Your objective:
Please keep pictures out and return the lines below exactly, from the one holding "And so this" through the last, both included.

Stored data:
=== Begin Enclosure ===
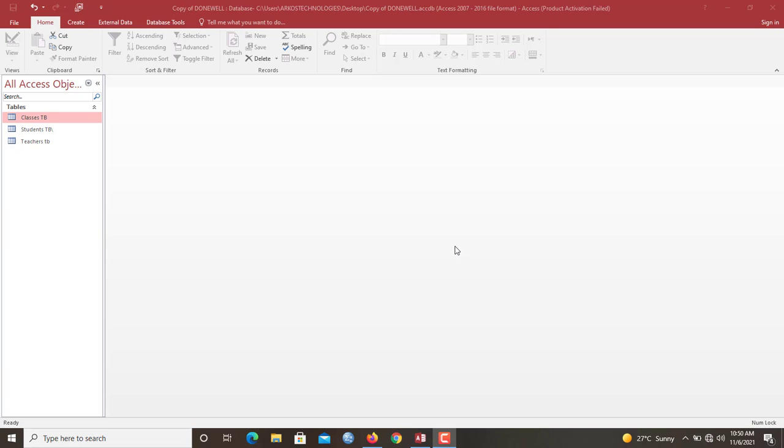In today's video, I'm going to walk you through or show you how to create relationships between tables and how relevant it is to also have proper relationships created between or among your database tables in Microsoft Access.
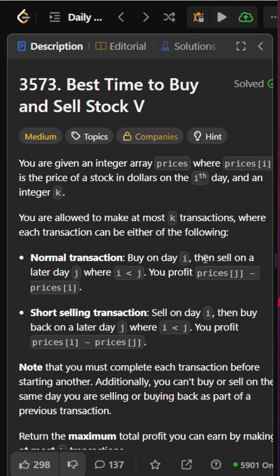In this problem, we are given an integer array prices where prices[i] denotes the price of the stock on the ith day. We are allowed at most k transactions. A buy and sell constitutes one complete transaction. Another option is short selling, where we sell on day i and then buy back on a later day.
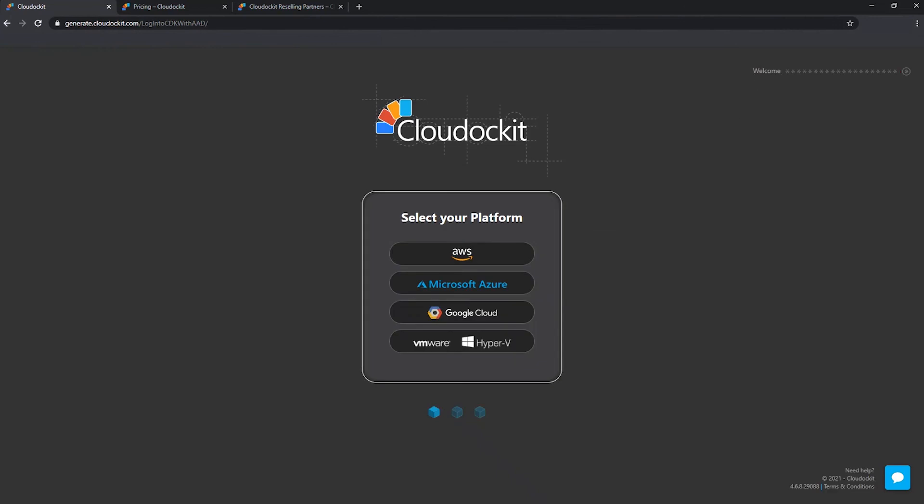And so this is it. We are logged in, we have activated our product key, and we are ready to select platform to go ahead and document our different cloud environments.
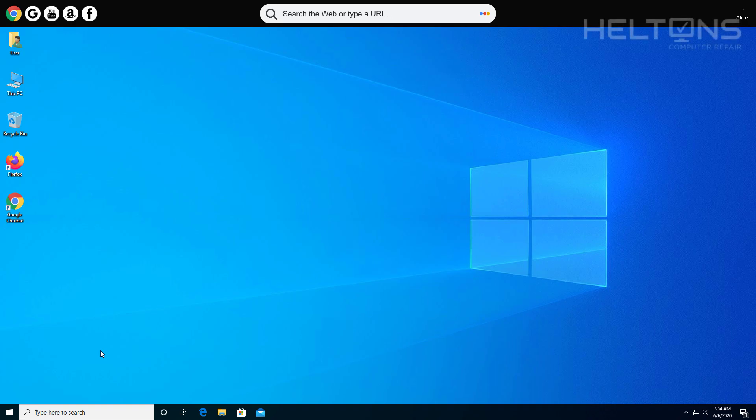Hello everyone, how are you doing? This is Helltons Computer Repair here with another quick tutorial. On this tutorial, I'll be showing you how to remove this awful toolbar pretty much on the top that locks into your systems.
=== End Enclosure ===
Your solution:
And so this is it. We are logged in, we have activated our product key, and we are ready to select platform to go ahead and document our different cloud environments.
Hello everyone, how are you doing? This is Helltons Computer Repair here with another quick tutorial. On this tutorial, I'll be showing you how to remove this awful toolbar pretty much on the top that locks into your systems.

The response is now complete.